April. And a fine spring evening.
The weeks have gone on since that miserable January time, bringing but little change to Coastdown or to those in it. Robert Hunter rested in his grave, uninquired for--though as to the word "rested" more hereafter--and Cyril Thornycroft had never returned. Lady Ellis had died in Cheltenham only a week after she went back to it.
That Cyril\'s remaining away so long and his not writing was singular in the extreme, no one doubted. Mr. Thornycroft grew uneasy, saying over and over again that some accident must have happened to him. Richard, however, had his private theory on the point, which he did not tell to the world. He believed now that Cyril and Hunter had returned that night together; that Cyril had witnessed the deliberate shot, had put off to the ship, and in his condemnation of the act would not come home to the Red Court so long as he, Richard, was in it.
But Richard could not tell this to his father, and Mr. Thornycroft one morning suddenly ordered his son Isaac abroad--to France, to Holland, to Flanders--to every place and town, in fact, where there was the least probability of Cyril\'s being found. The illicit business they had been engaged in caused them to have relations with several places on the Continent, and Cyril might be at any one of them. Isaac had but now returned--returned as he went, neither seeing nor hearing aught of Cyril. It was beginning to be more than singular. Surely if Cyril were within postal bounds of communication with England, he would write!
The supposition, held from the first that he had gone off in the smuggling boats to the ship that night, and sailed with her on her homeward voyage, was far more probable than it might seem to strangers. Richard and Isaac had each done the same more than once; as, in his younger days had Mr. Thornycroft, thereby causing no end of alarm; to his wife. Cyril, it is true, was quite different in disposition, not at all given to wild rovings; but they had assumed the fact, and been easy. Richard, unwillingly, but with a view to ease her suspense, imparted the theory he had recently adopted to his sister; and she thought he might be right. As Mary Anne observed to her own heart, it was a miserable business altogether, looked at from any point.
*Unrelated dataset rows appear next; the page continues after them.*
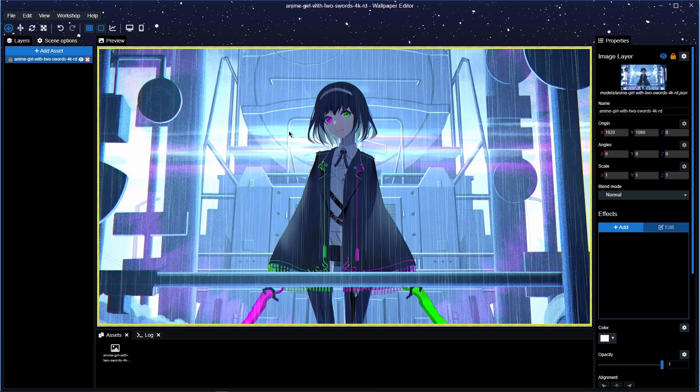What's happening everyone, welcome to the channel, appreciate you being here again today. So today I'm going to be teaching you how to apply a breathing technique on your wallpaper in Wallpaper Engine.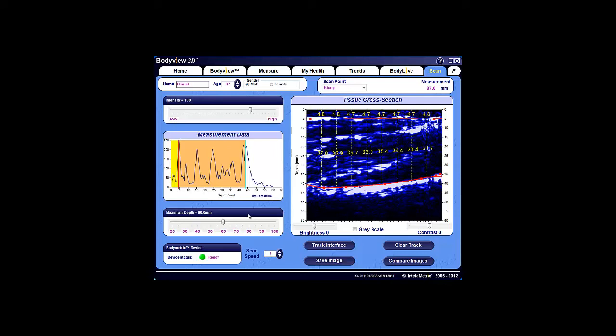You can always adjust the depth and immediately repeat the scan to capture and display the tissue. This is especially helpful with obese individuals carrying substantial fat in targeted areas, or for bodybuilders with extremely muscular thighs or biceps. The 60 millimeter default depth setting is generally fine for relatively fit individuals.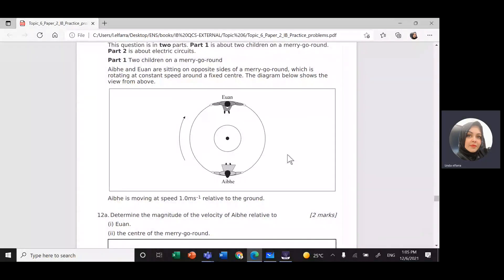As-salamu alaykum wa rahmatullahi wa barakatuh. Today, inshallah, we're going to solve questions related to topic six: circular motion, relative velocity, and mechanics at the same time.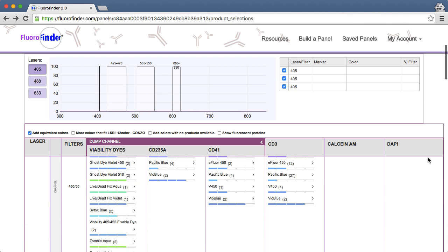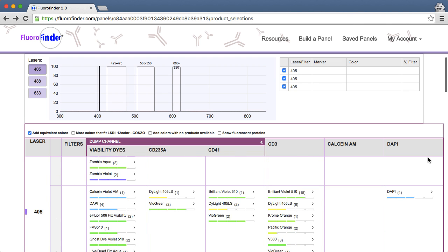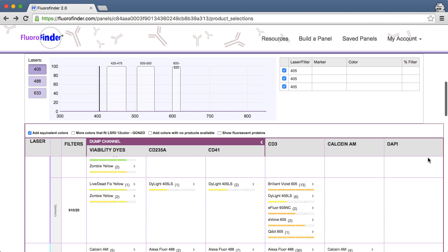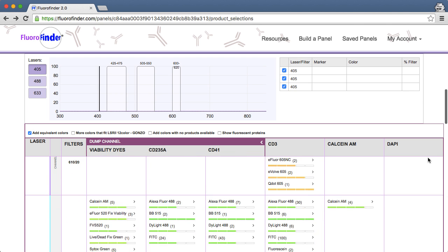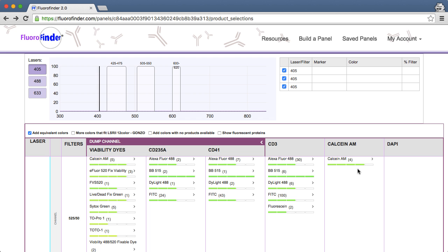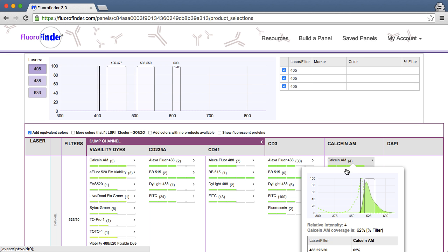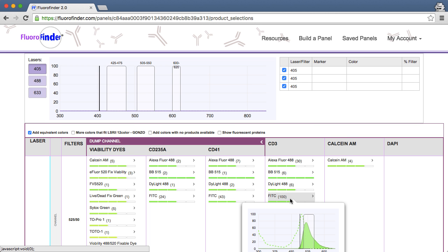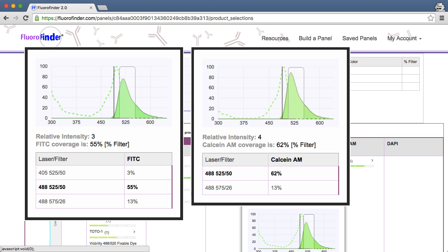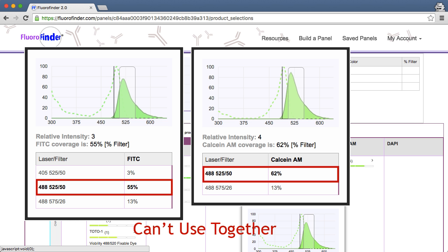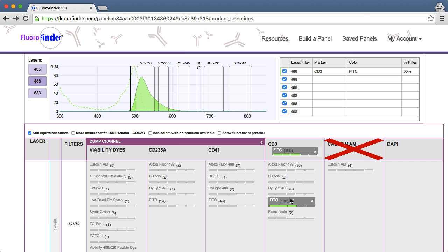In step 3, it's crucial to assign your viability dye to a channel. FluoraFinder blocks a channel after a fluorochrome is selected, thereby preventing the selection of additional incompatible dyes. For instance, if you don't choose a product for Calcein-AM, FluoraFinder will allow you to select FITC for CD3.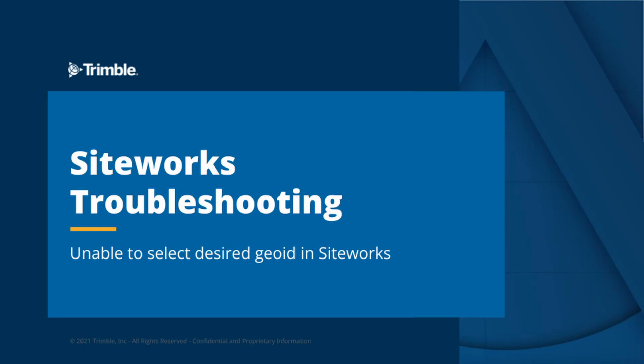Hello everyone. Today I'm going to run through Siteworks and some troubleshooting that can be conducted when you are unable to add or select a desired geoid model when creating a new project.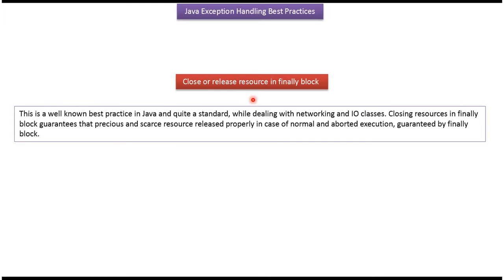Whether exception occurred or not occurred, finally block will be executed. So we should close or release resources in finally block.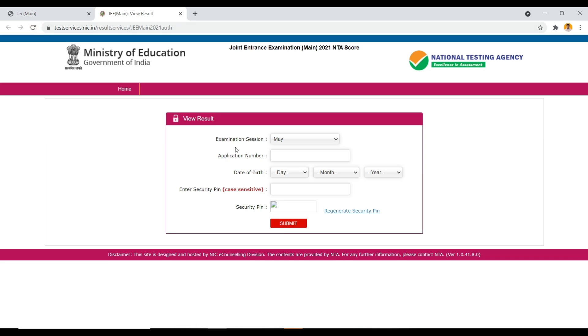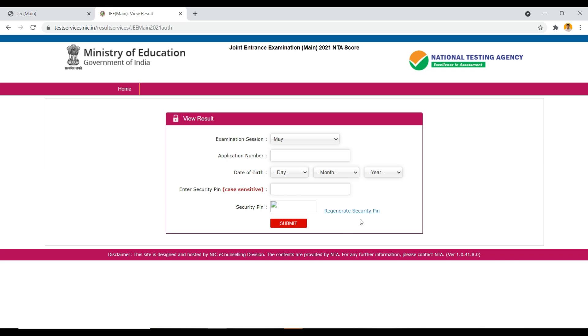Let me refresh this. I'm not getting the security pin right now, so don't worry. Once you can see the security pin, enter it and click on submit.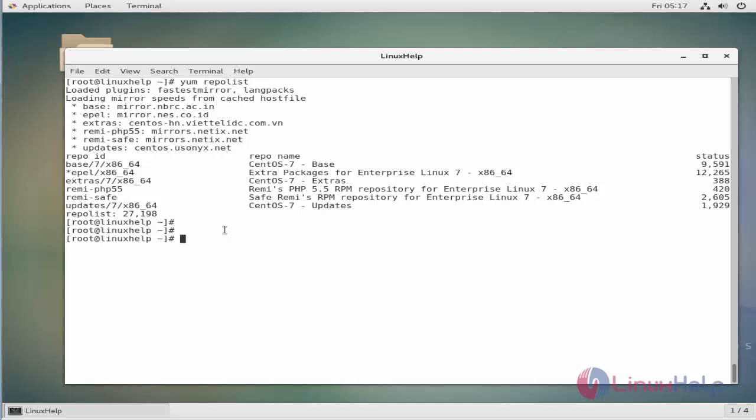So let's see an example. To disable multiple repositories, just include the repository names separated by comma, as shown in this command. Here I am separating the two repositories by the comma. This command will disable REMI and updates, that is a CentOS official repository, temporarily.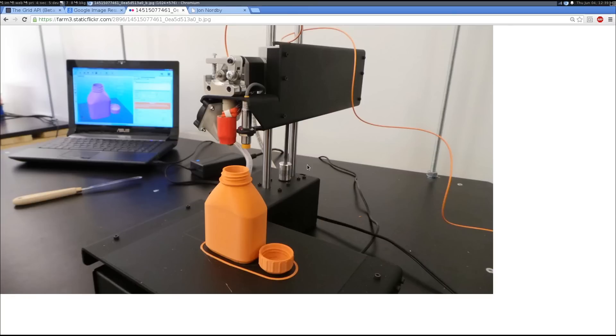Or you could use it to put a camera on your 3D printer and have it automatically upload and publish its images when it has completed.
No direct confidence had been reposed in Isaac. Richard shrank from it. Isaac had many estimable qualities, although he helped to cheat Her Majesty\'s revenue, and thought it glorious fun. But he could not avoid entertaining suspicions of his brother, and one day he asked a question. "Never mind," shortly replied Richard; "Hunter got his deserts." It was no direct avowal, but Isaac drew his own conclusions, and was awfully shocked. He was as different from Richard in mind, in disposition, in the view he took of things in general, as light is from dark. The blow to Isaac was dreadful. He could not, so to say, lift up his head from it; it lay on him like an incubus. Now, the coldness with which Anna had ever since treated him was explained, satisfactorily enough to his own mind. As a murderer\'s brother, her avoidance of him was only natural. No doubt she was overwhelmed with horror at being tied to him. If he could but have divined that she suspected him! But they were all going in for mistakes; Isaac amongst the rest.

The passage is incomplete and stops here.